I remember sitting with my uncle, Walter Sobeloff, in a restaurant in Juneau one time and he said Albert, I’m going to teach you something about respect. Look across the street -- there’s a brother and a sister, both in their 80s, Tlingit people, walking toward each other. They’re going to look away from each other. They’re not even going to acknowledge each other. Watch. So we sat there and watched and these two elderly people, both over 80, walked toward each other and then looked away from each other, and walked past each other, didn’t acknowledge each other. That’s interesting, because that’s the highest form of respect. You don’t look somebody in the eye. I notice that teachers these days have a hard time with children in grade school, because they think that the child not looking at them in the eye makes them feel like they’re timid or afraid, but its just inbred into our society.

Another thing we have a hard time doing is talking about ourselves, patting ourselves on the back and saying gee, we did a great job. So Edgar and I can stand up here and look at Emil Notti and Byron and John Borbridge and Marlene Johnson and Cecil Barnes and those people who were here before us and say thank you for doing such a great job for us. While people still complain about that Settlement Act, I know some people think it was a mistake yet, I don’t. I really believe that we benefited from this, and I really thank those people who came before us for all the work they did, because I really believe personally that I’ve benefited from it.

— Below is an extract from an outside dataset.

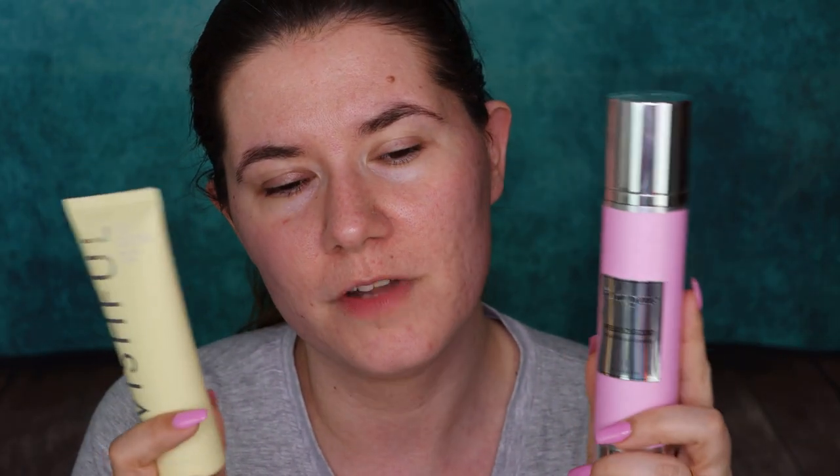Our skins are different — everybody has their own experience. Something that makes my skin glow and look healthy might make someone else break out. It depends on your skin type, what you prefer, and what you're looking for. Both of these I like and I'm happy I have them. It comes down to what you can afford and what you can actually get in your country. Thank you so much for watching — let me know down below if you've tried anything similar. Don't forget to subscribe, hit that notification bell, and I'll see you in my next video. Love you all, bye!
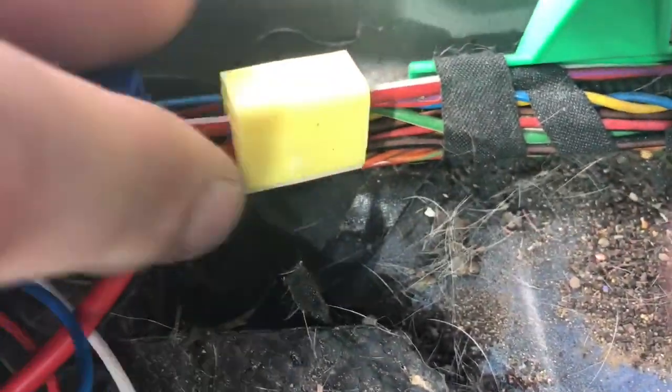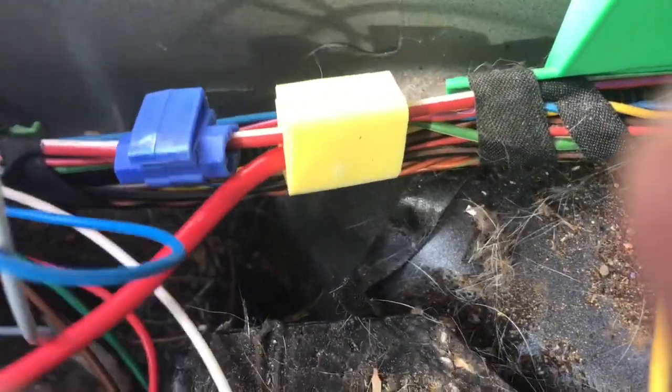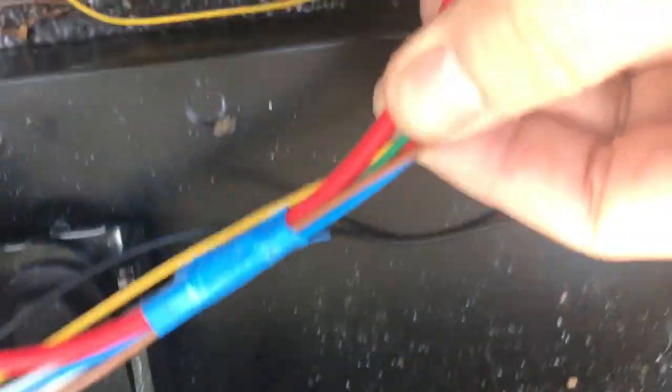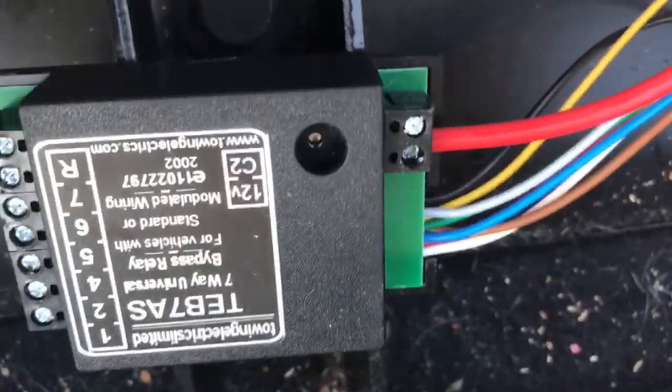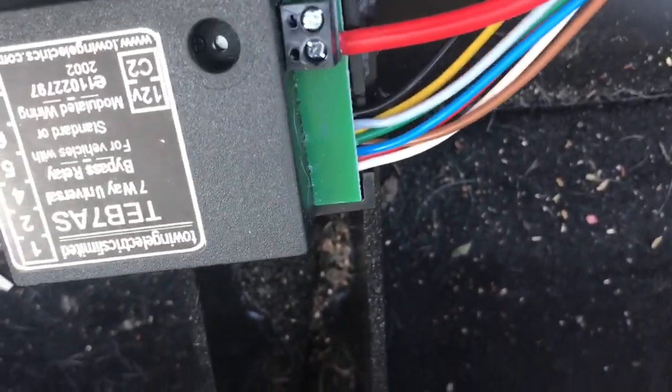The power socket in the back has a thick red and white wire, which is a permanent live — not an ignition switch live, a permanent live. I've used a large scotch lock and a robust fused wire, branched off that, and that goes into the 12 volt feed for the relay. That needs to be a permanent live. There's a schematic which I'll show a picture of for where all the wires go for this kit.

I want to say that another thing we should pat ourselves on the back for, for those of you who don’t follow this closely, is that we got 40 million acres of land in fee simple. If we tried to do that today, we’d never make it. We’d never do it. When you go down to the lower 48 and you look at the land that the lower 48 Indians got in the whole United States in trust, their whole total acreage is 50 million acres -- in trust.

So, I feel good about that. I know other people don’t, and there are people who are still skeptics about it, but I believe that it was to our benefit. The other thing is that I really feel that when you look at the corporations that were chartered back then, not one of them is gone. Every one of them is still here, 30 years later. Not one of them has dissolved because of bankruptcy. Every regional corporation is still here, much to the chagrin, I’m sure, of the many people who thought we’d be gone in a couple of years.

In closing, I just want to say this: I really believe in my heart that the Natives of the next generation are going to continue to benefit from this. The Natives of the next generation are going to be smarter than we were, they’re going to be more sophisticated that we were, they’re going to be better educated than we were, they’re going to be better financed than we were. The only thing that we haven’t made a decision on is whether they’re going to be better looking than we were. I’m sure that would probably be true too. But I think the Natives of the next generation, our Native children and our grandchildren, are going to continue to benefit from the work that people like Willie Hensley and Byron Mallott and Marlene Johnson and others have done to bring us to where we are today. Those of us like Edgar and Julie and others who were not there at the beginning, have continued to work very hard to continue to make this a reality, so we want to be able to look at the people of the next generation and say here, this is your world, do better than we did. Thank you very much for the chance to say it.